To demo this model, we will use the "traffic lights" example, where we have three traffic lights, the state of each light is either `on` or `off` (i.e. 1 or 0) and the corresponding label is either walk or stop (1 or 0). The training dataset is contrived such that there is a strong correlation between the second attribute/light and the target. We would therefore expect the second weight to be much larger than the other two weights after the model has been trained sufficiently. 

In [38]:
import numpy as np

# traffic lights dataset (each row is and instance, the first three coulumns are the attributes and the last column is the label)
traffic_lights = np.array([ [1, 0, 1, 0], 
                            [0, 1, 1, 1],
                            [0, 0, 1, 0],
                            [1, 1, 1, 1],
                            [0, 1, 1, 1],
                            [1, 0, 1, 0]] )

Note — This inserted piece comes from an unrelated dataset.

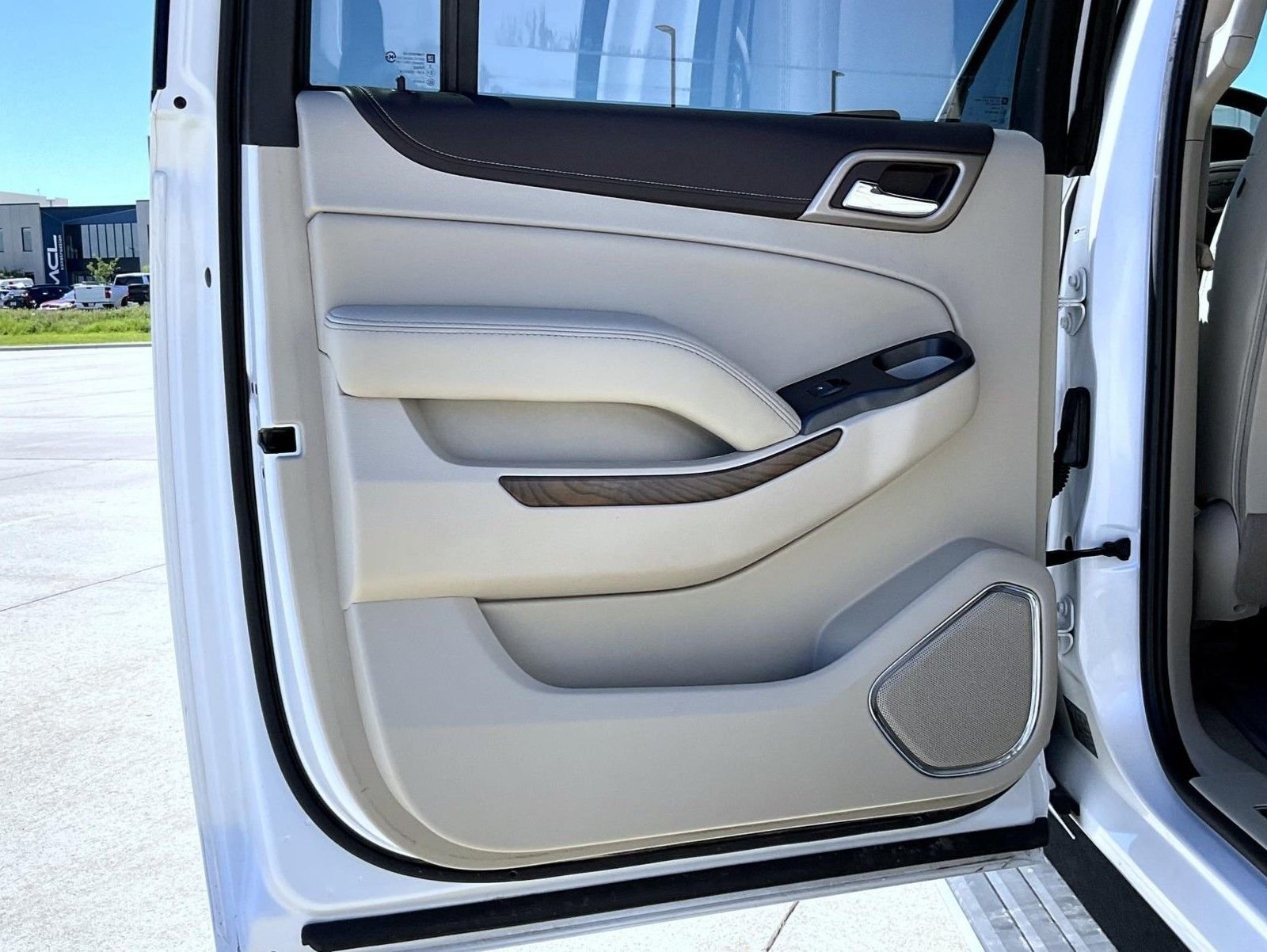 Used 2019 White GMC Denali image 23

# number of gradient descent iterations
niters = 30

# learning rate (i.e gradient descent step-size)
alpha = 0.1

# initialize random weights
weights = np.random.randn(3) 
print(f"Initial weights: {weights}")

# train the network
for i in range(niters):

    total_error = 0.0
    for j in range(traffic_lights.shape[0]):
        
        input = traffic_lights[j, :-1]
        target = traffic_lights[j, -1]
         
        # compute prediction
        prediction = np.dot(weights, input) 
        
        # compute squared error
        error = (prediction - target)**2
        total_error += error

        # compute gradient of error w.r.t. weights
        grad = 2 * (prediction - target) * input

        # optimize weights using gradient descent
        weights -= alpha * grad

    print(f"Iteration# {i+1}, Updated weights: {weights}, Total error: {total_error}")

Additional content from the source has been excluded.